What you are asked to do
Your answer should hold only the lines from the one containing "Opal, Miniature Poodle Puppy" through the last line below, copied exactly; pictures stay out.

Entries taken from a collection
-*-

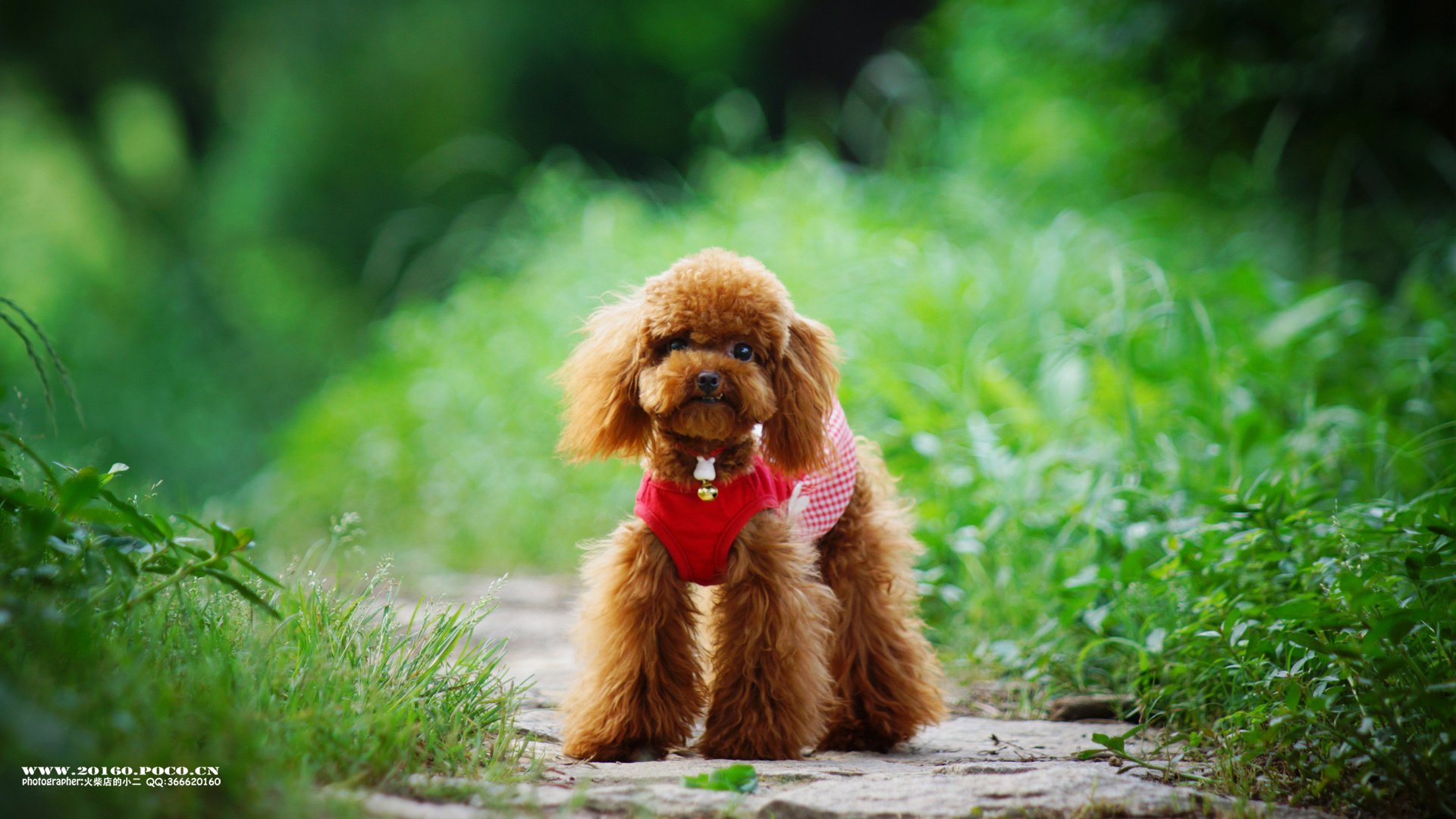 萌宠,狗,汪星人,卖萌图,古灵精怪,可爱,火柴摄影,独家首发,@摄影师火柴店的小二,儿童桌面专用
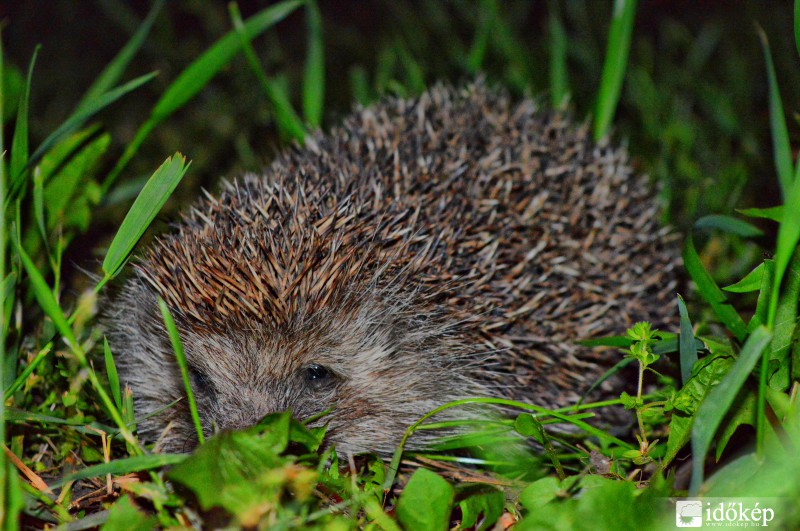 Teste tüskével borítva, de orrát a fű takarta.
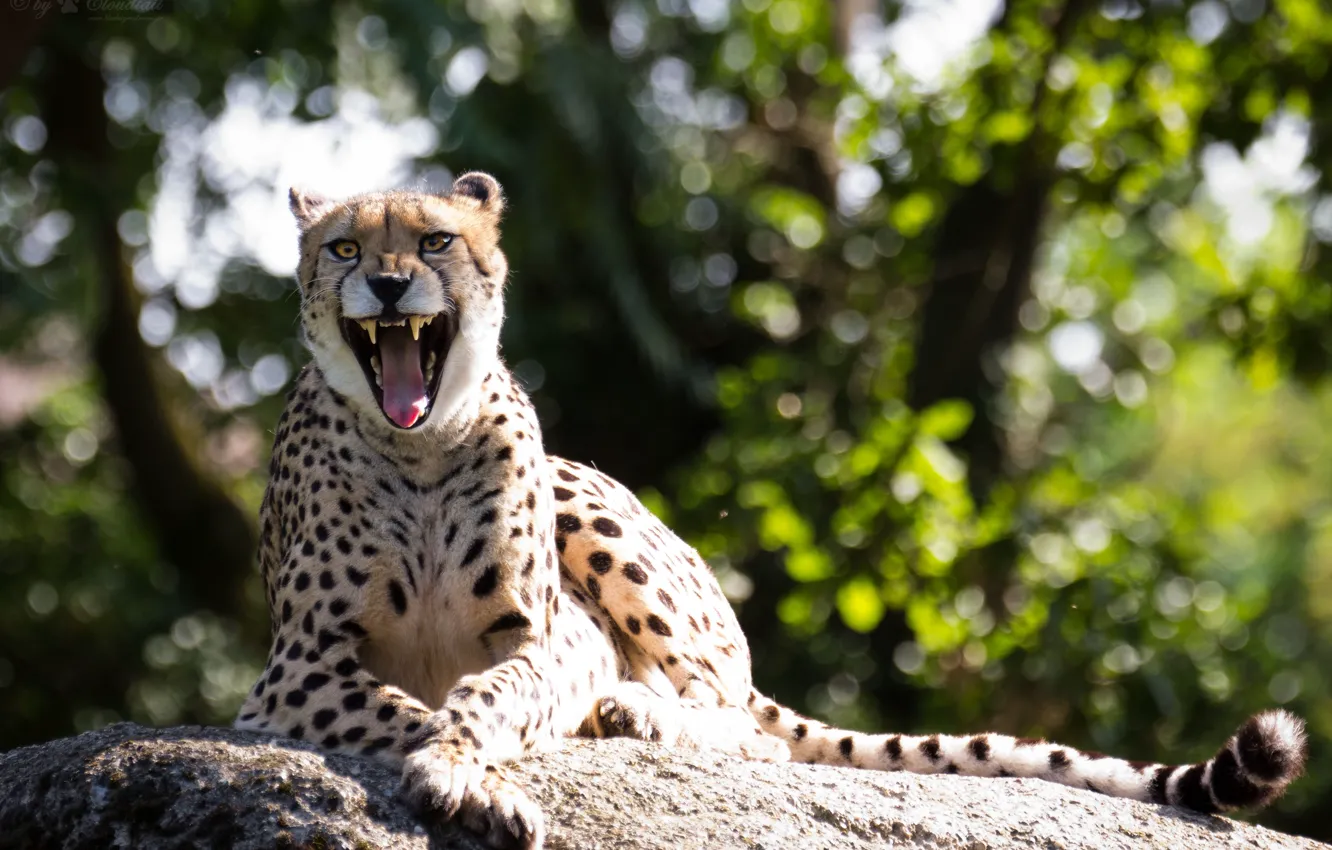 Photo wallpaper cat, stone, mouth, Cheetah, fangs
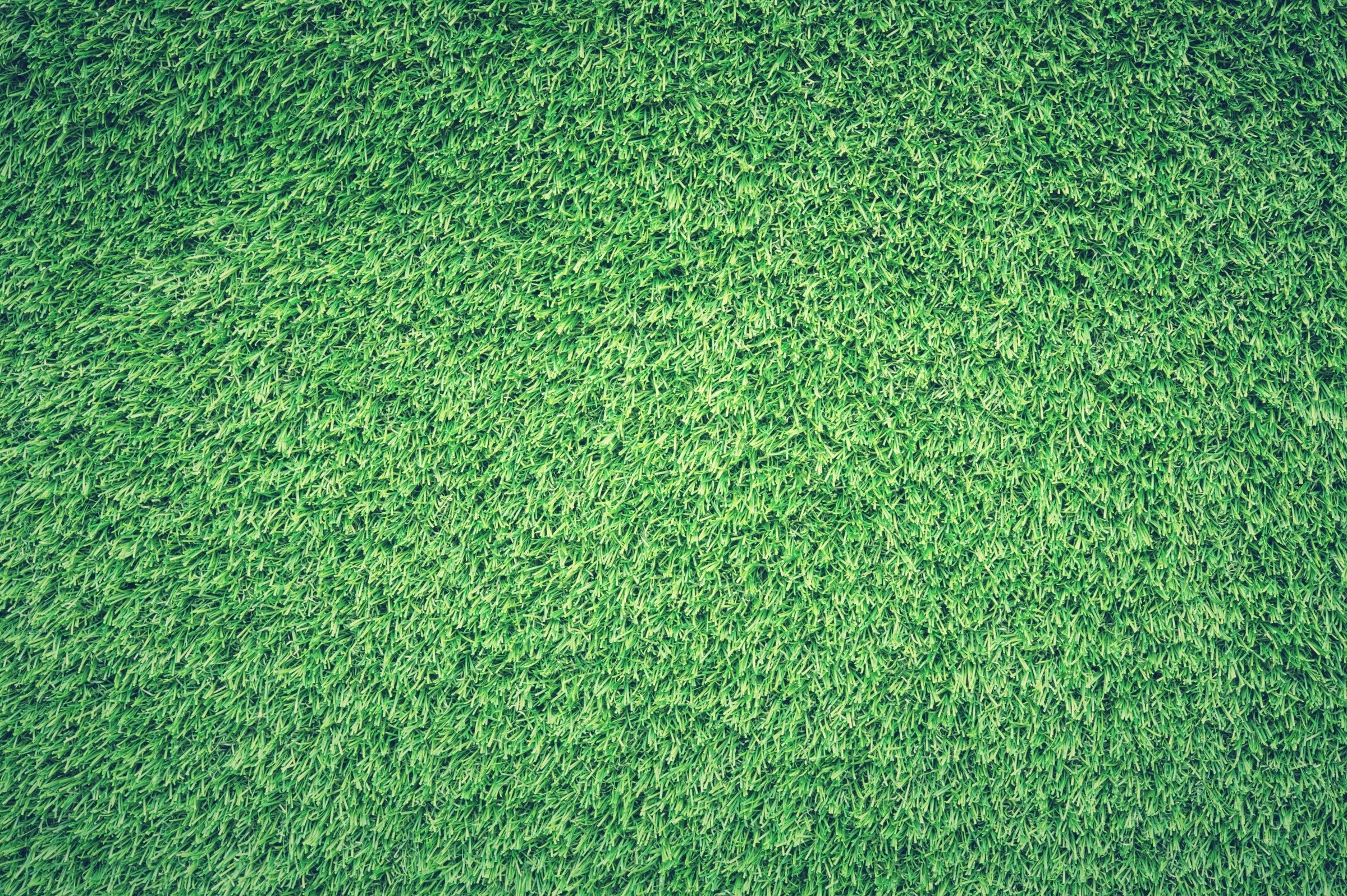 best grass for shade and high traffic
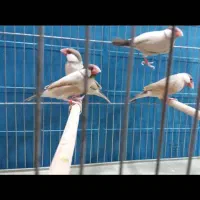 معاوضه فنچ نرگسی با فنچ گلدین|پرنده|جهرم, |دیوار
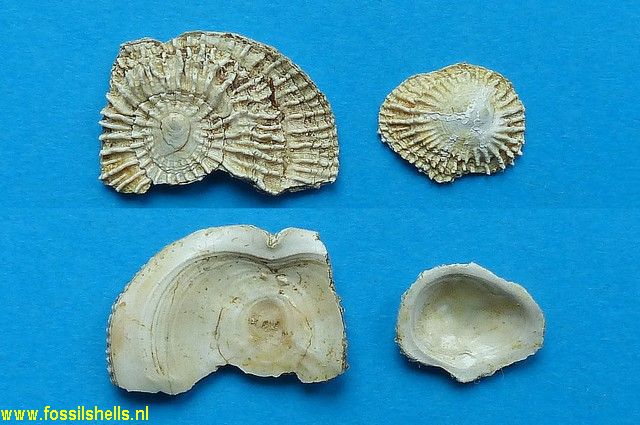 Hipponix alticosta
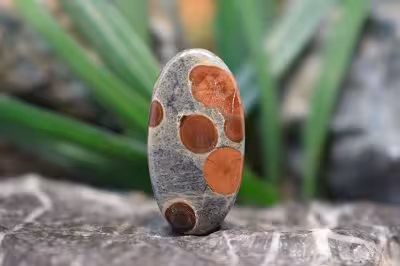 پینت وود ابسیدین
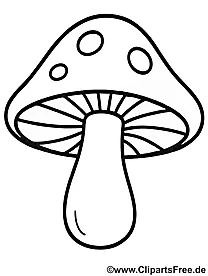 Ausmalbild Fliegenpilz herunterladen als PDF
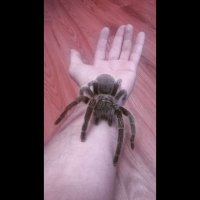 зовут Данн
у меня живет уже 2а года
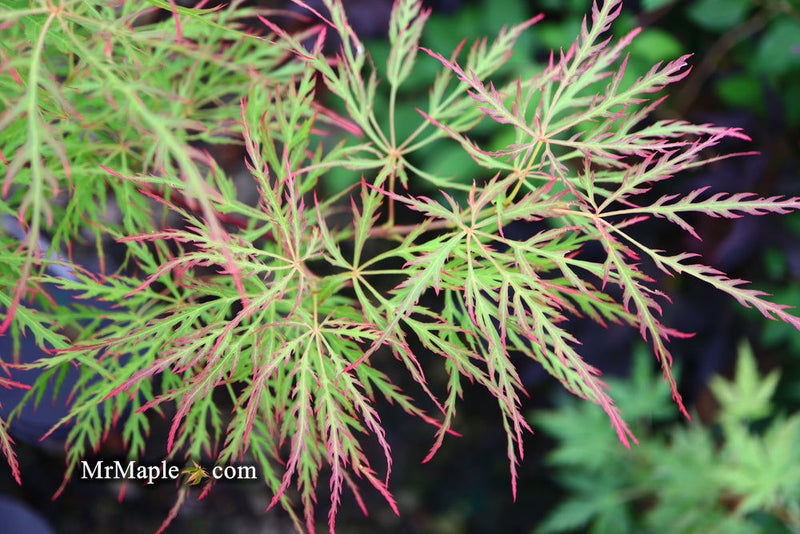 - FOR PICKUP ONLY | Acer palmatum 'Baldsmith' Laceleaf Japanese Maple | DOES NOT SHIP - Mr Maple │ Buy Japanese Maple Trees
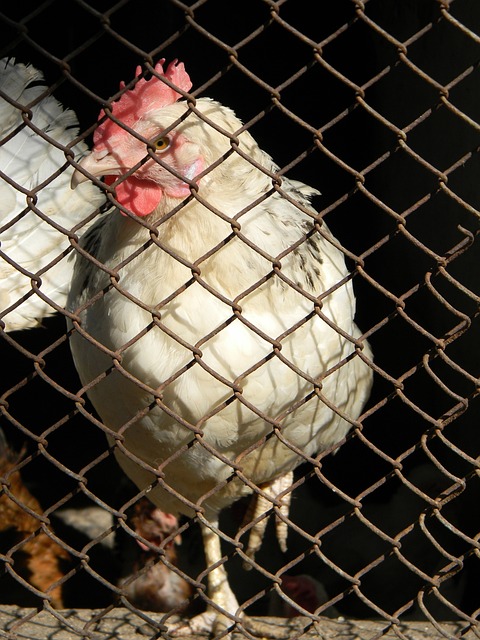 幕后信号 幕后信号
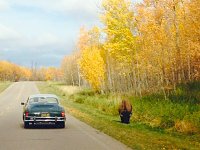 Fall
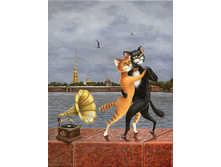 26910858 394445130980944 3387848979255959088 o.jpg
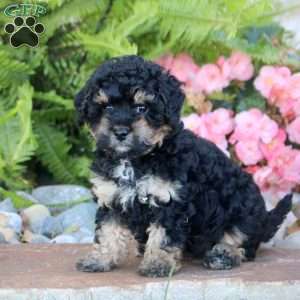 Opal, Miniature Poodle Puppy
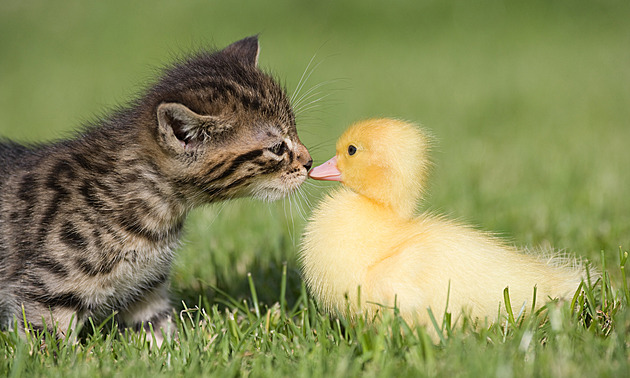 Vyberte ty nejroztomilejší mazlíčky dubna, hrají o krmivo pro kočky a psy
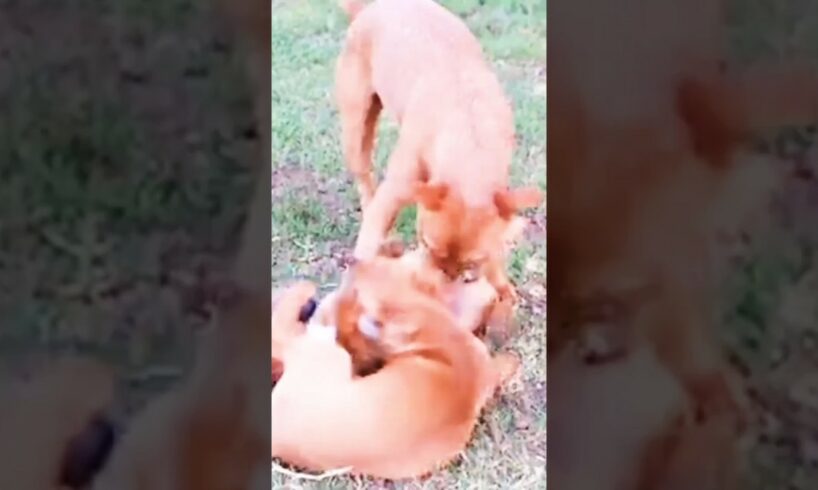 cutest Puppies and puppies mother playing🐕🐶#puppy#pet#animals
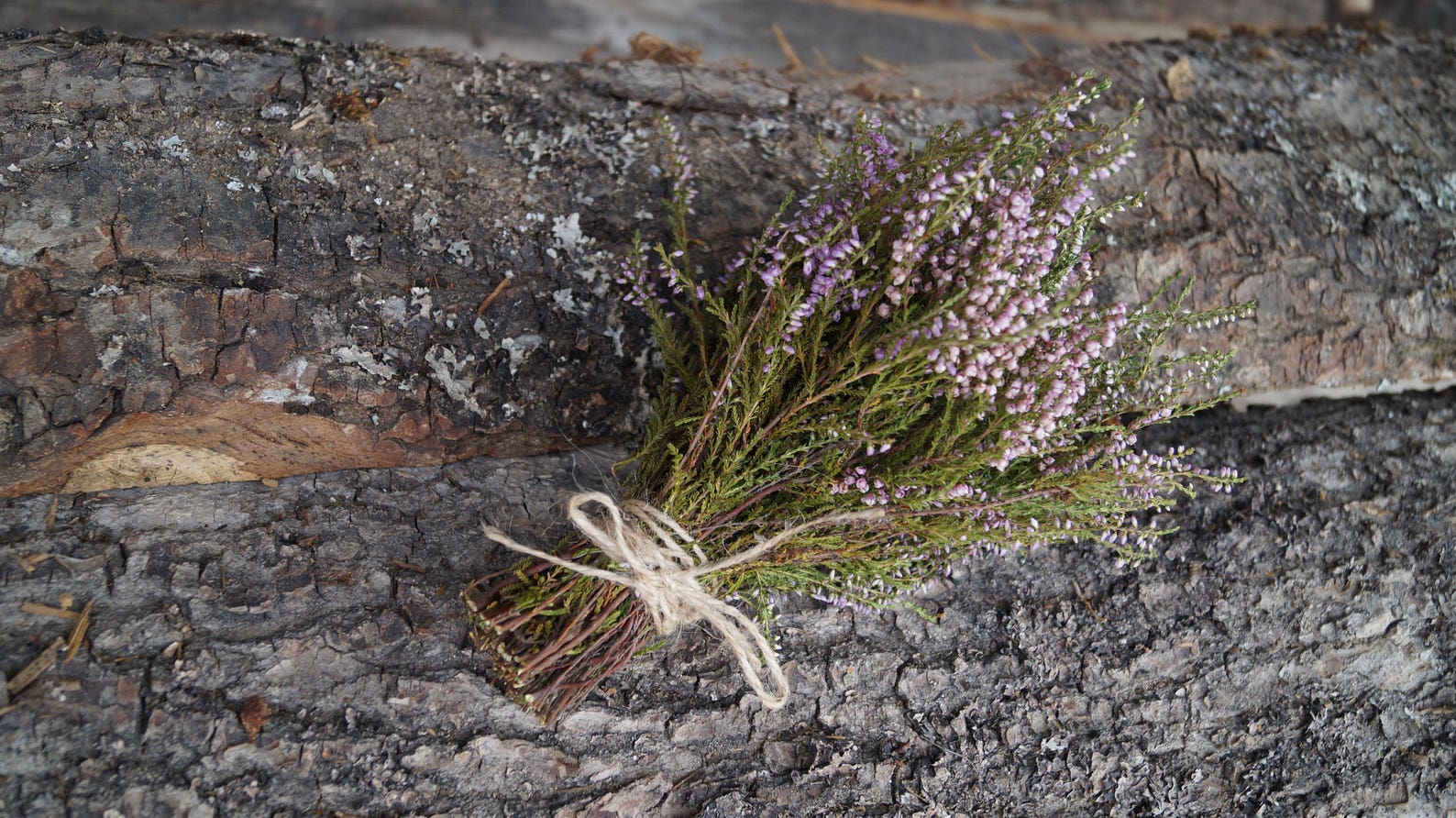 Dried Heather Bouquet Small Heather Bouquet Dried Flower Etsy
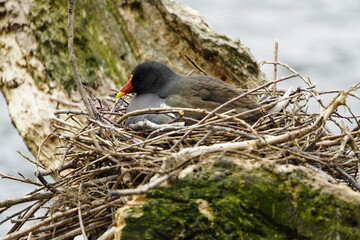 Brooding common moorhen on the nest. (Gallinula chloropus) Rallidae family.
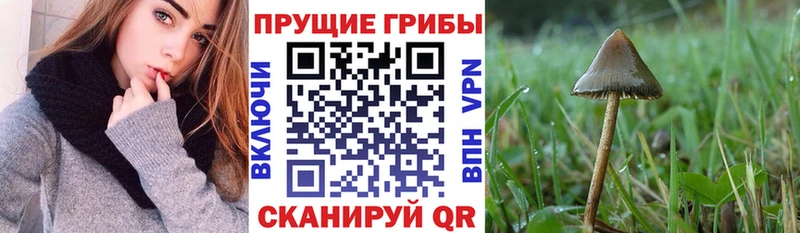 Псилоцибиновые грибы GOLDEN TEACHER Свободный
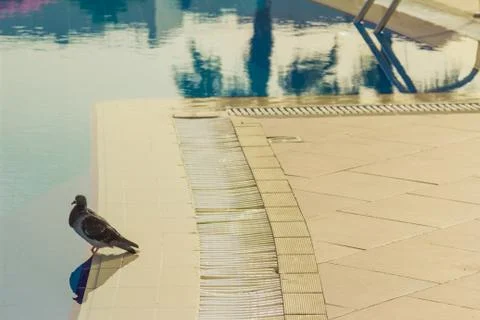 Dove pool 스톡 사진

-*-

Output for this exercise
 Opal, Miniature Poodle Puppy
 Vyberte ty nejroztomilejší mazlíčky dubna, hrají o krmivo pro kočky a psy
 cutest Puppies and puppies mother playing🐕🐶#puppy#pet#animals
 Dried Heather Bouquet Small Heather Bouquet Dried Flower Etsy
 Brooding common moorhen on the nest. (Gallinula chloropus) Rallidae family.
 Псилоцибиновые грибы GOLDEN TEACHER Свободный
 Dove pool 스톡 사진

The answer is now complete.